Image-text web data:
★ ★ ★ ★ ★
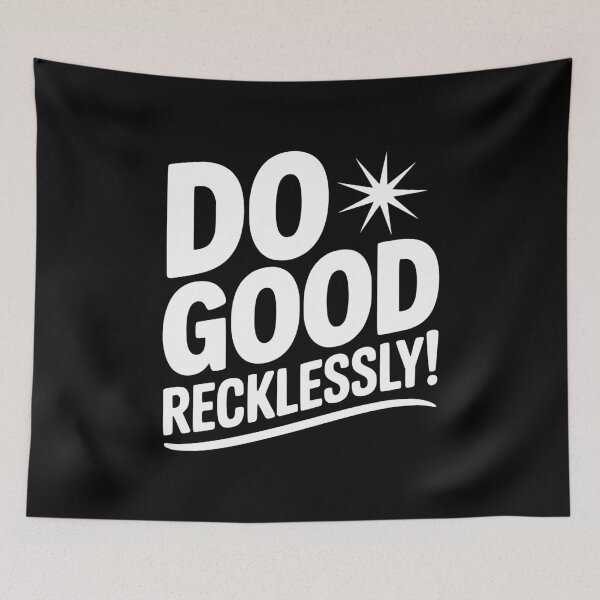Item preview, Do Good Recklessly! designed and sold by Frank Ring.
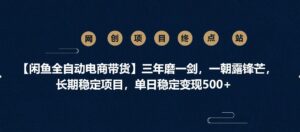 【闲鱼全自动电商带货】三年磨一剑，一朝露锋芒，长期稳定项目，单日稳定变现500+-布谷屋免费网赚资源网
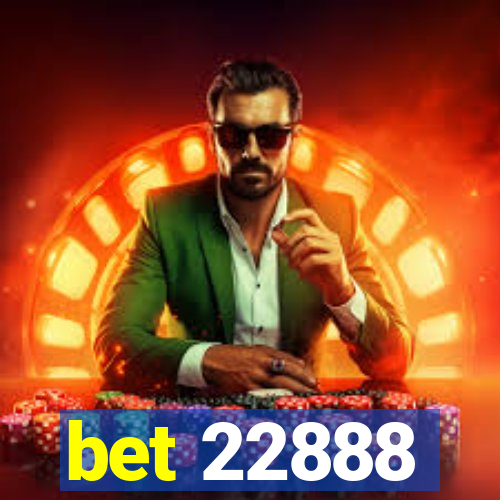 bet 22888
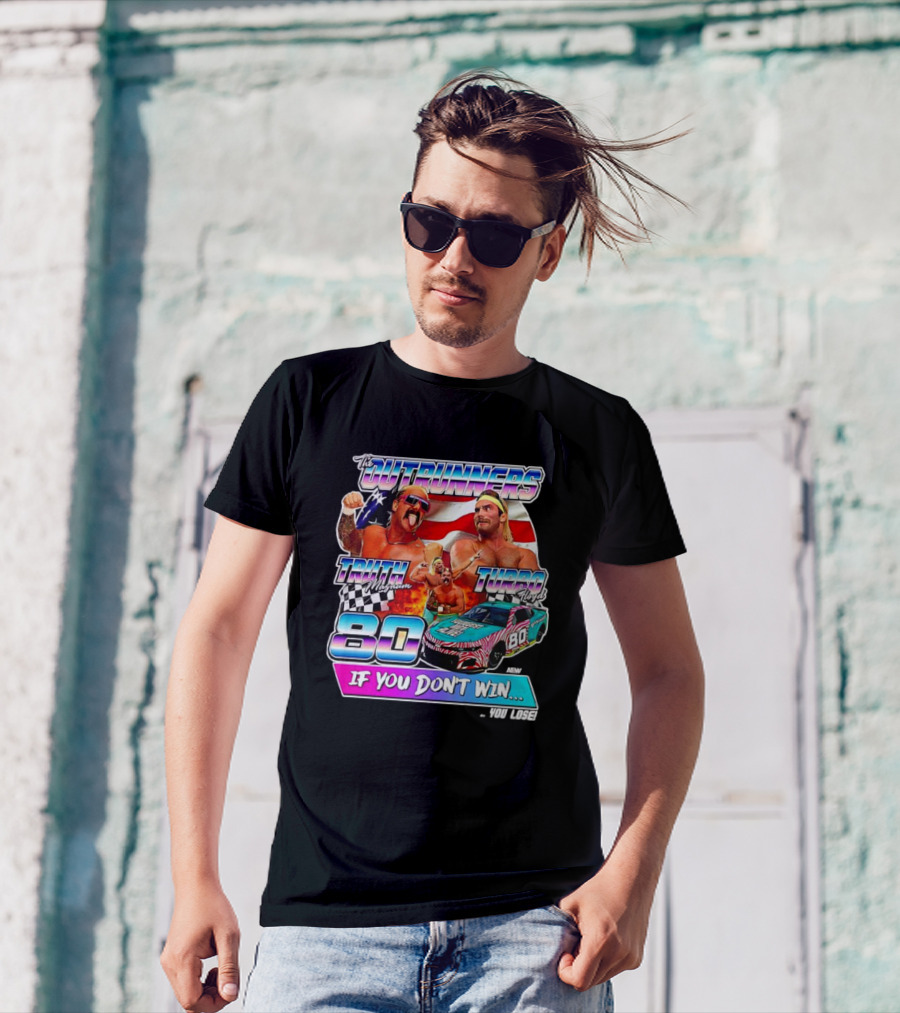 The Outrunners Truth Magnum Turbo Floyd Racing 80 If You Don’t Win You Lose T-Shirt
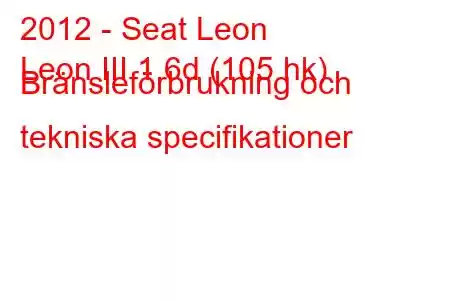 2012 - Seat Leon
Leon III 1.6d (105 hk) Bränsleförbrukning och tekniska specifikationer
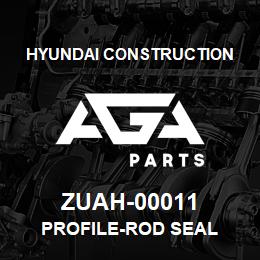 ZUAH-00011 Hyundai Construction PROFILE-ROD SEAL | AGA Parts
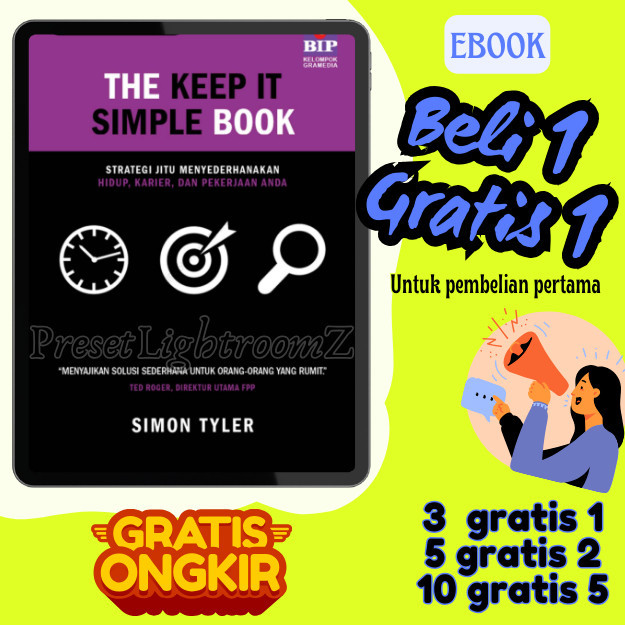 

IND0924 The Keep It Simple Book : Strategi Jitu Menyederhanakan Hidup, Karier, Dan Pekerjaan Anda- Revisi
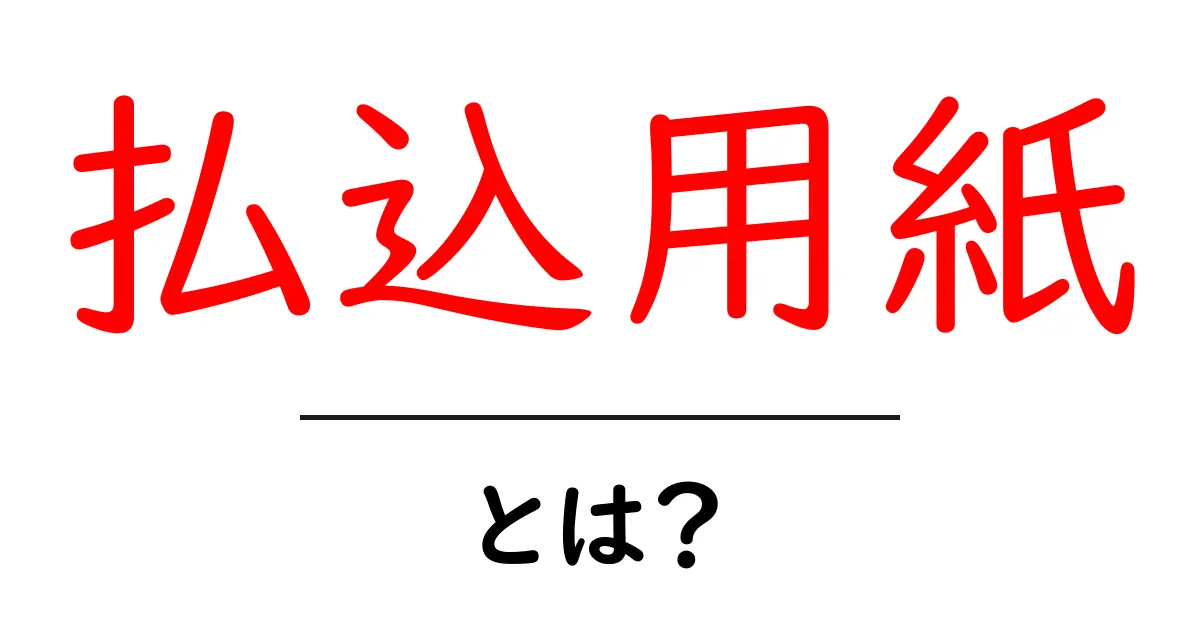 払込用紙とは？初心者が知っておきたい使い方と基本ポイント共起語・同意語・対義語も併せて解説！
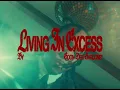 Goon des Garcons - LIVING IN EXCESS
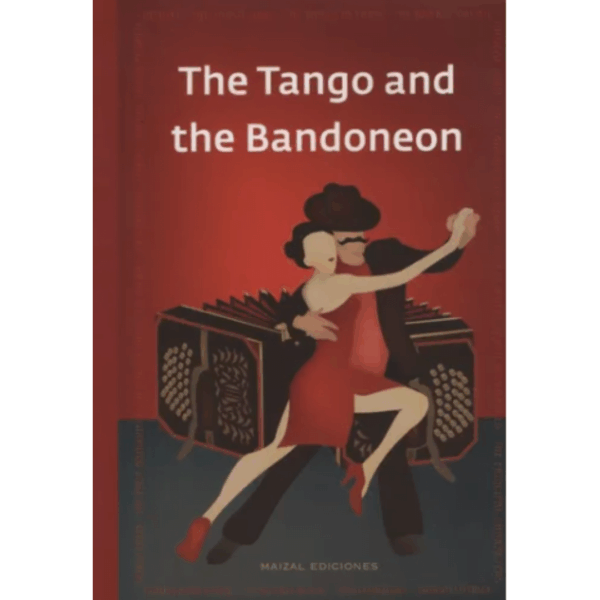 Libro The Tango and The Bandoneon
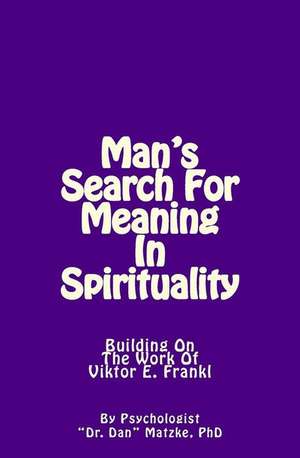 Man's Search for Meaning in Spirituality de Dan Matzke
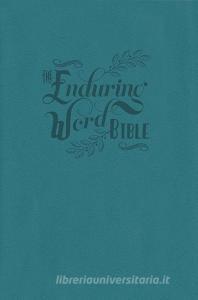 The Enduring Word Bible di Concordia Publshing House edito da Concordia Publishing House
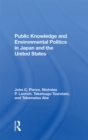 Public Knowledge And Environmental Politics In Japan And The United States - eBook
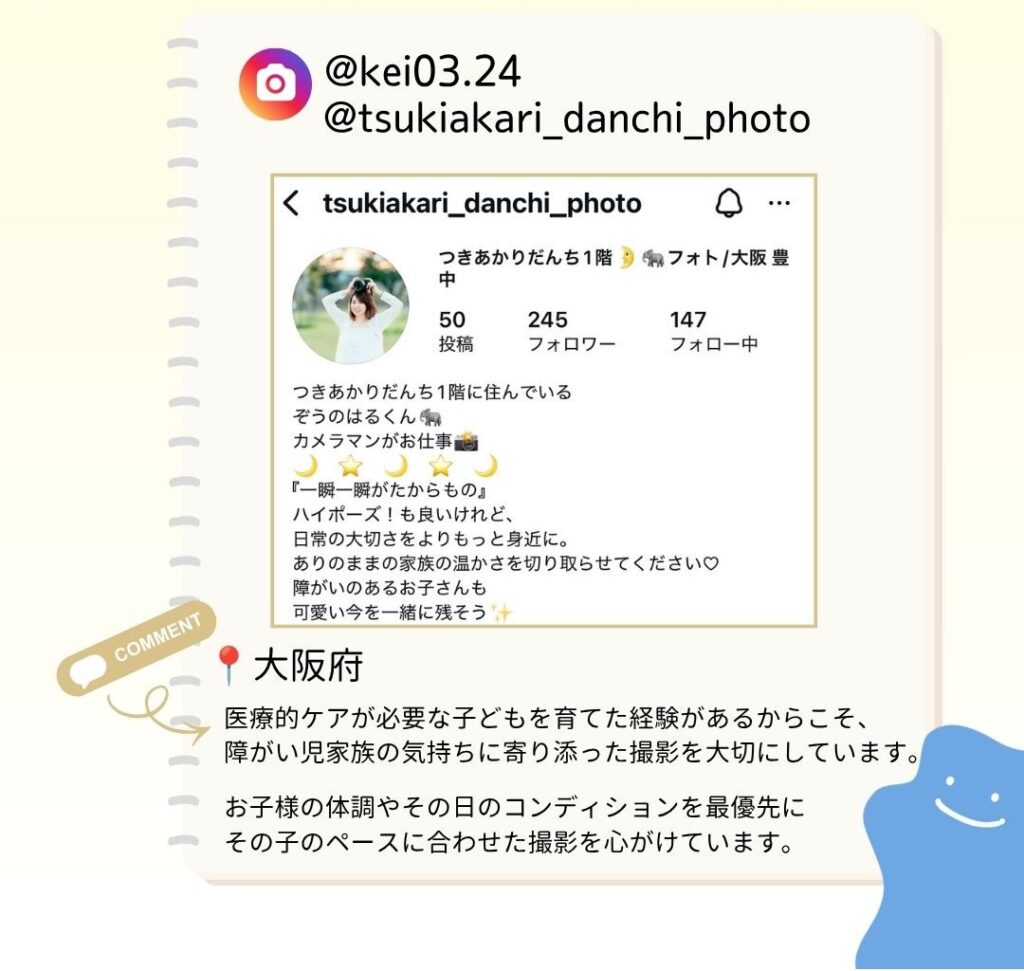 医療的ケアが必要な子どもを育てた経験があるからこそ、障がい児家族の気持ちに寄り添った撮影を大切にしています。 お子様の体調やその日のコンディションを最優先に その子のペースに合わせた撮影を心がけています。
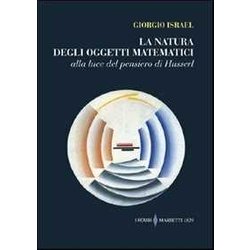 La Natura Degli Oggetti Matematici. Alla Luce Del Pensiero Di Husserl La Natura Degli Oggetti Matematici. Alla Luce Del Pensiero Di Husserl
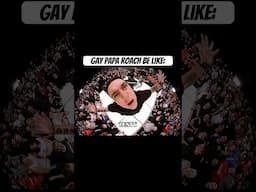 Gay papa roach be like:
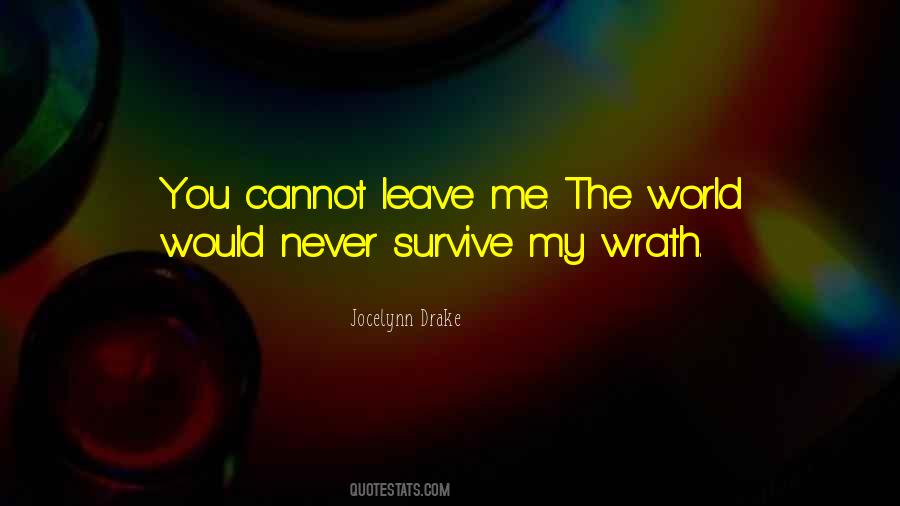 You Never Leave Me Quotes #1351948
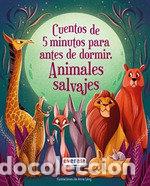 Libri: CUENTOS DE 5 MINUTOS PARAA NTES DE DORMIR ANIMALES SALVAJES - AA.VV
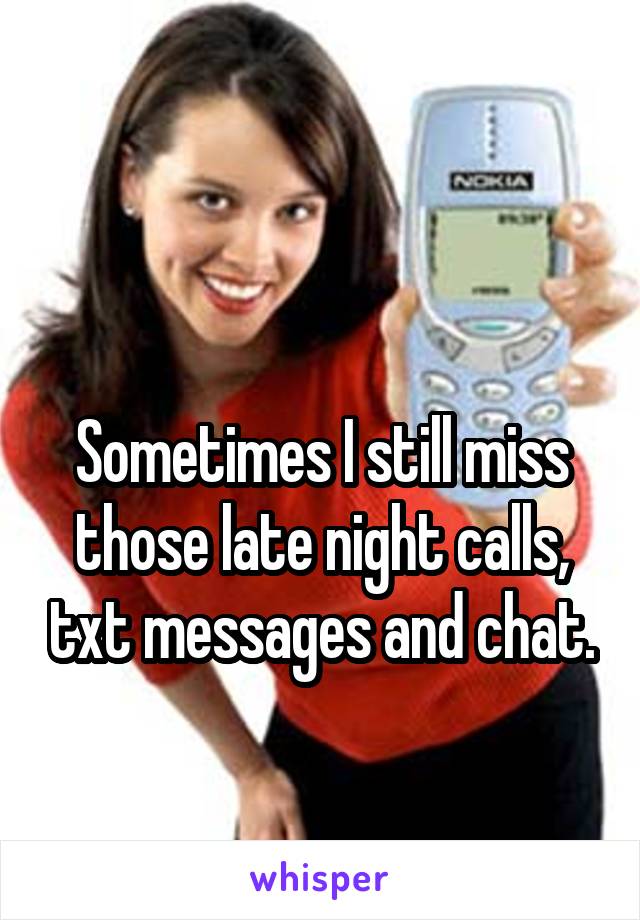 

Sometimes I still miss those late night calls, txt messages and chat.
★ ★ ★ ★ ★
Task instructions
Only an exact copy of the lines from the one with "Di Husserl La" through the last line of the data above is wanted, and no pictures.

Answer area
 La Natura Degli Oggetti Matematici. Alla Luce Del Pensiero Di Husserl La Natura Degli Oggetti Matematici. Alla Luce Del Pensiero Di Husserl
 Gay papa roach be like:
 You Never Leave Me Quotes #1351948
 Libri: CUENTOS DE 5 MINUTOS PARAA NTES DE DORMIR ANIMALES SALVAJES - AA.VV

Sometimes I still miss those late night calls, txt messages and chat.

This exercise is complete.